Shame corrodes the very part of us that believes we are capable of change. —Bene Brown
In a comment on last week’s post on self-care Jim Knight made an important distinction between guilt and shame which caused me to think more deeply about the importance of that distinction and how it can have a profound effect on both our personal and professional lives.
Sometimes people confuse what they do with who they are.
For instance, more than once I’ve heard someone say: “When I get angry I just say whatever comes to mind [other problematic behavior can be substituted here]. That’s just who I am.”
The distinction between guilt and shame is reflected in that confusion.
Guilt, as I understand it, occurs when we have done something to violate a moral code. We have done something we regard as wrong.
Shame is when we are what is wrong. We are the mistake, not our behavior.
Children are shamed, for example, when in response to a misdeed they are asked, “What’s wrong with you?”
Once shame has become well established within a child or adult’s neural networks it can be very challenging to help that person separate their behavior from who they think they are as a person.
As a result, even a request for a conversation about “improvement” or change can activate shame and make it very difficult for the person to attend to the conversation.
Once we become aware of this distinction we are more likely to notice the presence of shame within and around us.

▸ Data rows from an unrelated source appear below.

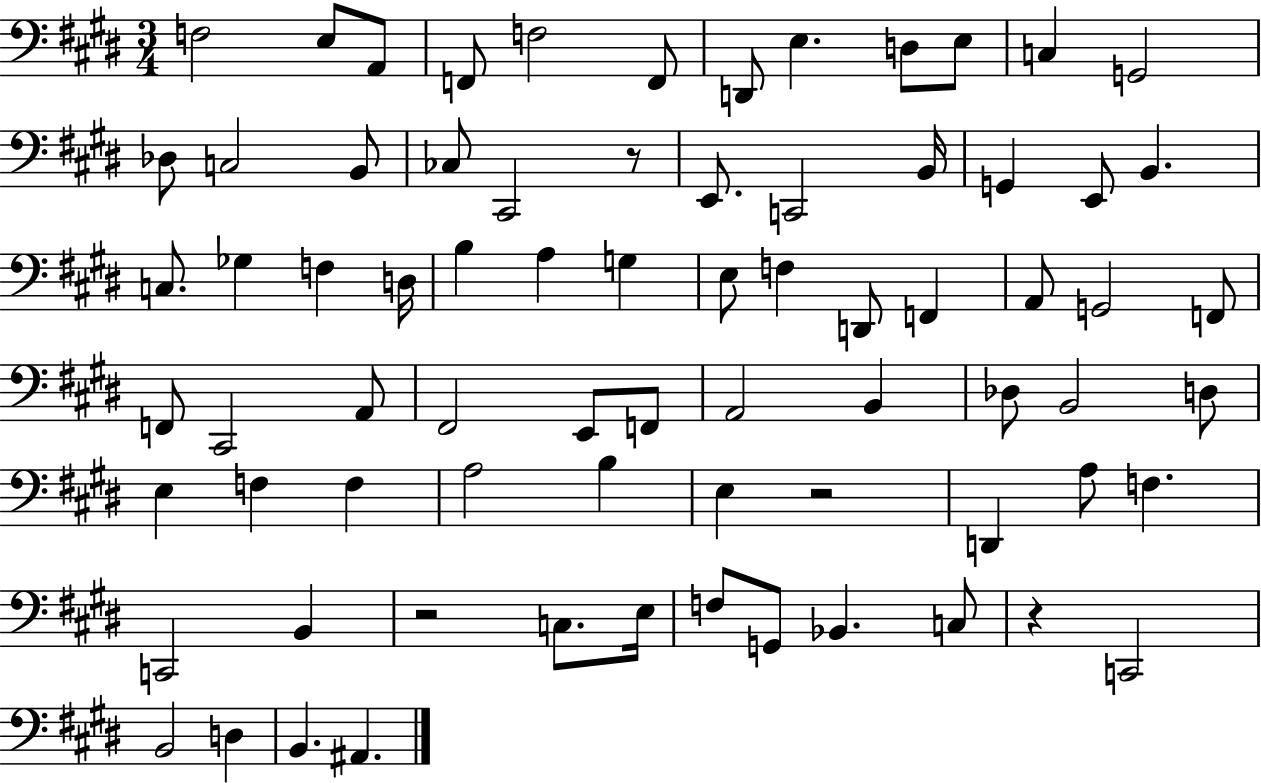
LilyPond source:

{
  \clef bass
  \numericTimeSignature
  \time 3/4
  \key e \major
  f2 e8 a,8 | f,8 f2 f,8 | d,8 e4. d8 e8 | c4 g,2 | \break des8 c2 b,8 | ces8 cis,2 r8 | e,8. c,2 b,16 | g,4 e,8 b,4. | \break c8. ges4 f4 d16 | b4 a4 g4 | e8 f4 d,8 f,4 | a,8 g,2 f,8 | \break f,8 cis,2 a,8 | fis,2 e,8 f,8 | a,2 b,4 | des8 b,2 d8 | \break e4 f4 f4 | a2 b4 | e4 r2 | d,4 a8 f4. | \break c,2 b,4 | r2 c8. e16 | f8 g,8 bes,4. c8 | r4 c,2 | \break b,2 d4 | b,4. ais,4. | \bar "|."
} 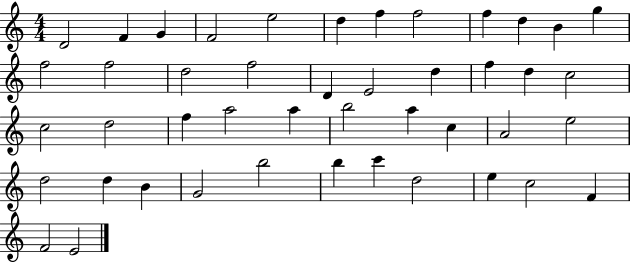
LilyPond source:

{
  \clef treble
  \numericTimeSignature
  \time 4/4
  \key c \major
  d'2 f'4 g'4 | f'2 e''2 | d''4 f''4 f''2 | f''4 d''4 b'4 g''4 | \break f''2 f''2 | d''2 f''2 | d'4 e'2 d''4 | f''4 d''4 c''2 | \break c''2 d''2 | f''4 a''2 a''4 | b''2 a''4 c''4 | a'2 e''2 | \break d''2 d''4 b'4 | g'2 b''2 | b''4 c'''4 d''2 | e''4 c''2 f'4 | \break f'2 e'2 | \bar "|."
} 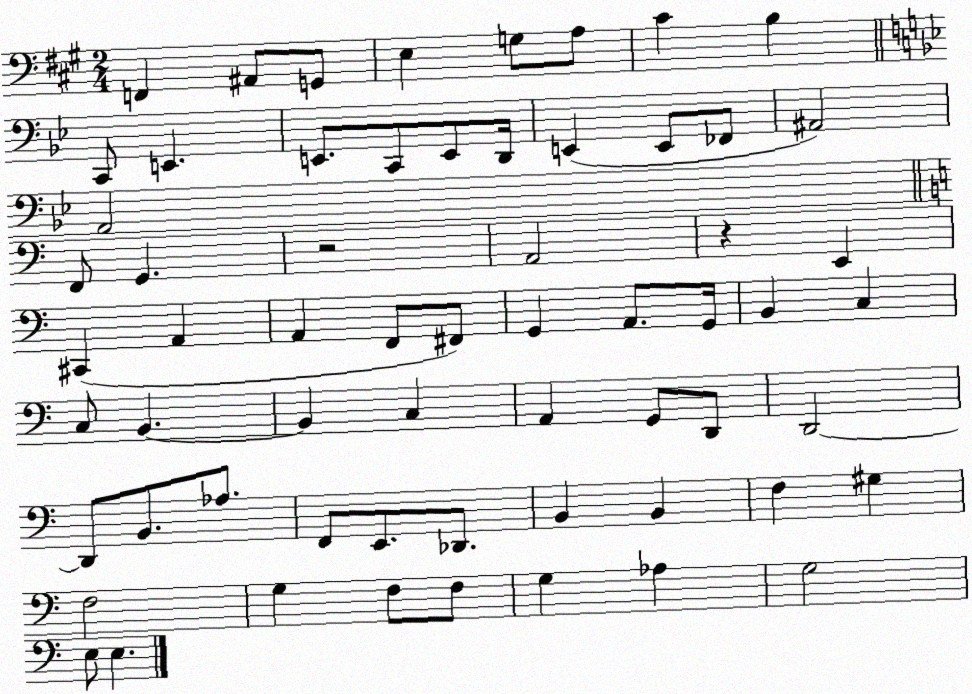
X:1
T:Untitled
M:2/4
L:1/4
K:A
F,, ^A,,/2 G,,/2 E, G,/2 A,/2 ^C B, C,,/2 E,, E,,/2 C,,/2 E,,/2 D,,/4 E,, E,,/2 _F,,/2 ^A,,2 A,,2 F,,/2 G,, z2 A,,2 z E,, ^C,, A,, A,, F,,/2 ^F,,/2 G,, A,,/2 G,,/4 B,, C, C,/2 B,, B,, C, A,, G,,/2 D,,/2 D,,2 D,,/2 B,,/2 _A,/2 F,,/2 E,,/2 _D,,/2 B,, B,, F, ^G, F,2 G, F,/2 F,/2 G, _A, G,2 E,/2 E, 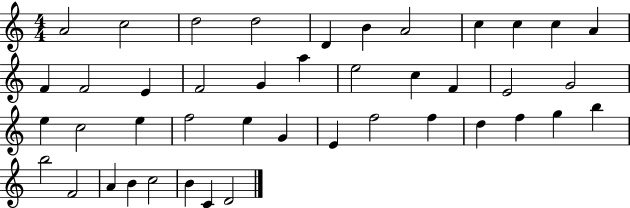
A4/h C5/h D5/h D5/h D4/q B4/q A4/h C5/q C5/q C5/q A4/q F4/q F4/h E4/q F4/h G4/q A5/q E5/h C5/q F4/q E4/h G4/h E5/q C5/h E5/q F5/h E5/q G4/q E4/q F5/h F5/q D5/q F5/q G5/q B5/q B5/h F4/h A4/q B4/q C5/h B4/q C4/q D4/h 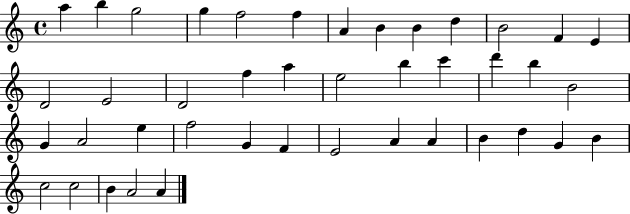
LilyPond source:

{
  \clef treble
  \time 4/4
  \defaultTimeSignature
  \key c \major
  a''4 b''4 g''2 | g''4 f''2 f''4 | a'4 b'4 b'4 d''4 | b'2 f'4 e'4 | \break d'2 e'2 | d'2 f''4 a''4 | e''2 b''4 c'''4 | d'''4 b''4 b'2 | \break g'4 a'2 e''4 | f''2 g'4 f'4 | e'2 a'4 a'4 | b'4 d''4 g'4 b'4 | \break c''2 c''2 | b'4 a'2 a'4 | \bar "|."
} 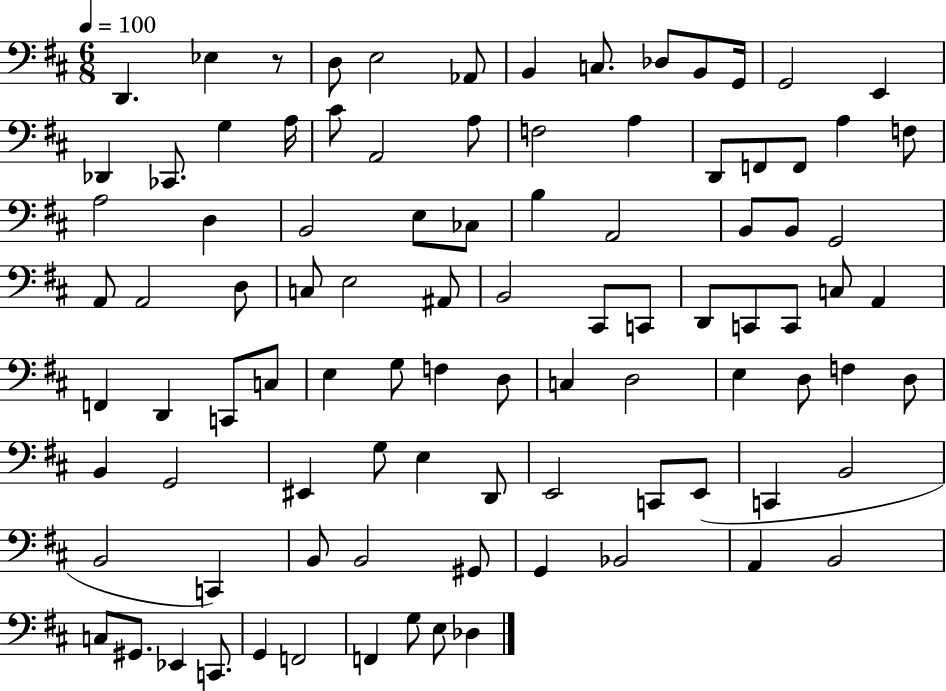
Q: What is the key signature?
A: D major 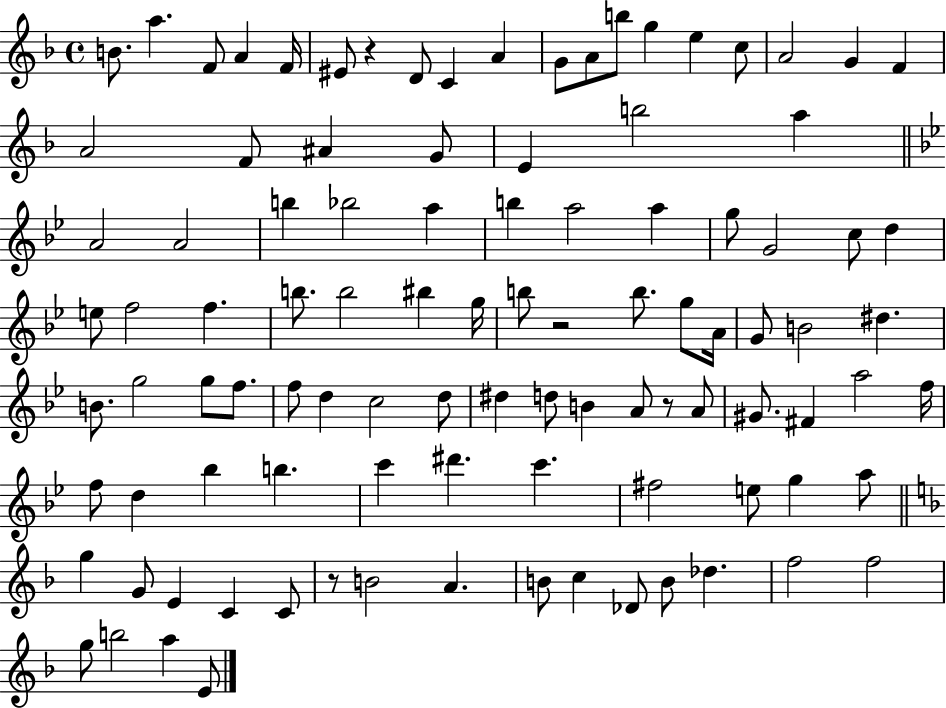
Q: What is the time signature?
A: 4/4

But what can we do about it?
First, be very careful with the language you use when speaking to others and in your self talk. When we are concerned about someone’s actions, focus on observable behavior. Don’t contribute to anyone’s shame by digging deeper for their “issues,” a task far better suited for professionals.
Second, when shame has been triggered anticipate the possibility of a defensive response: “Why do you think there’s something wrong with me?”
Third, to minimize defensiveness ensure that the conversation remains focused on behavior. Because people who are accustomed to being shamed may find it very difficult to separate their behavior from who they are as a person, it may be necessary to repeatedly remind them of that distinction.
I encourage you to think deeply about how shame and guilt affect your life, both at home and at work, and how you might counter it.